- CD Normal Edition Cover

Single by Yui

from the album How Crazy Your Love
- A-side: "It's My Life & Your Heaven"
- B-side: "Rain: Yui Acoustic Version"
- Released: January 26, 2011
- Recorded: 2010–2011 (Japan)
- Genre: J-pop
- Label: Gr8! Records
- Songwriter(s): Yui

Yui singles chronology
| "Rain" (2010) | "It's My Life / Your Heaven" (2011) | "Hello (Paradise Kiss)" (2011) |

= It's My Life/Your Heaven =

"It's My Life / Your Heaven" is the eighteenth single and third double A-side single by Japanese pop singer-songwriter Yui. The single was released on January 26, 2011.
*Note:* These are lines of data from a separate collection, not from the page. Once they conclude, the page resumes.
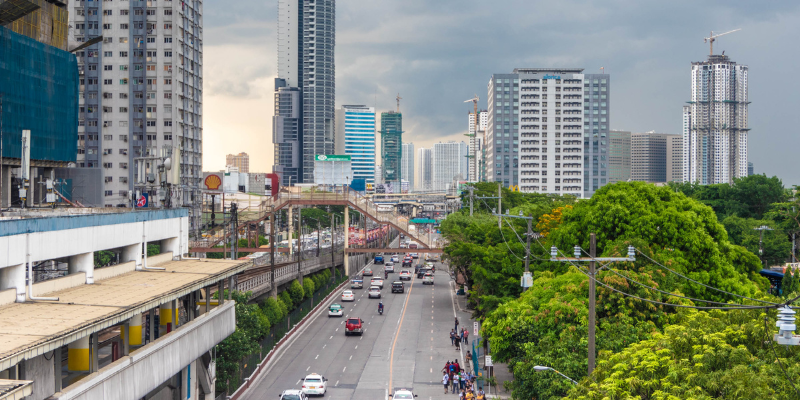 How to Reduce Your Carbon Footprint With Green Transportation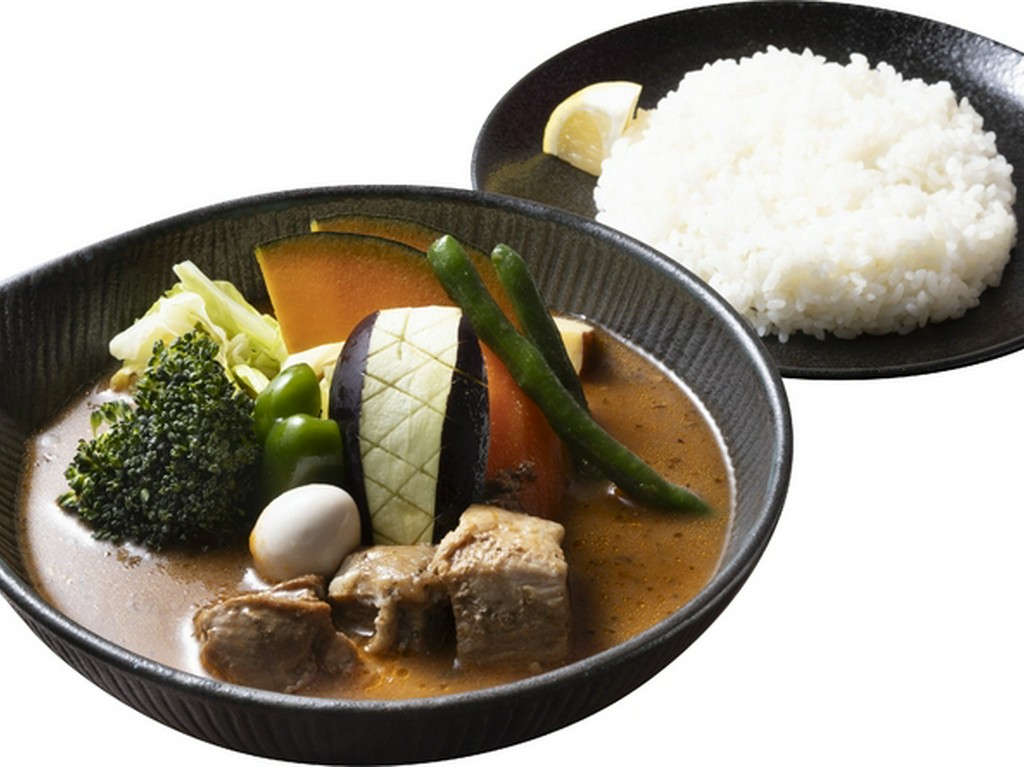 【2024年　9月】Le trois AWARDS my shop MVP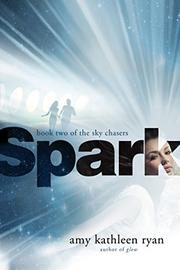 Cover art for SPARK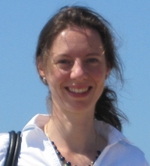 Gabriëlle De Lannoy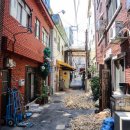 서동제일요양병원 이미지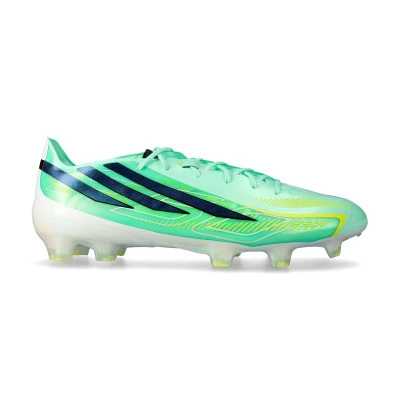 Scarpe F50 Hyperfast Elite FG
==Background and writing==
When asked about the first A-side single, "It's My Life", Yui responded with that song was created with the feeling in supporting people during hardships. She also connected this with the early part of her life, when she decided to quit school and to undertake the path of music. Furthermore, in reflecting on the song, Yui also talked about the fun part about being a musician, such as receiving goodwill messages or meeting a variety of people.

==Promotion and tie-ins==
The A-side, "Your Heaven", was tied to Sony Walkman's "PlayYou" commercials, and other A-side was used as Japanese company, U-Can's campaign song for the 2011 year. In addition to the "Your Heaven" music video provided in the CD+DVD version of the single, a short movie was also included showing Yui's visit to Sweden for the shooting of the music video.

==Track listing==

| No. | Title | Arranger(s) | Length |
|---|---|---|---|
| 1. | "It's My Life" | Hisashi Kondo | 3:18 |
| 2. | "Your Heaven" | Hisashi Kondo | 3:14 |
| 3. | "Rain ~Yui Acoustic Version~" | Yui & Hisashi Kondo | 4:00 |
| 4. | "It's My Life ~Instrumental~" | Hisashi Kondo | 3:16 |

DVD
| No. | Title | Length |
|---|---|---|
| 1. | "Your Heaven (Video Clip)" |  |
| 2. | "Yui in Sweden Special Movie" |  |

==Sales Chart (Japan)==
The single was certified gold by the RIAJ for having more than 100,000 copies shipped to stores.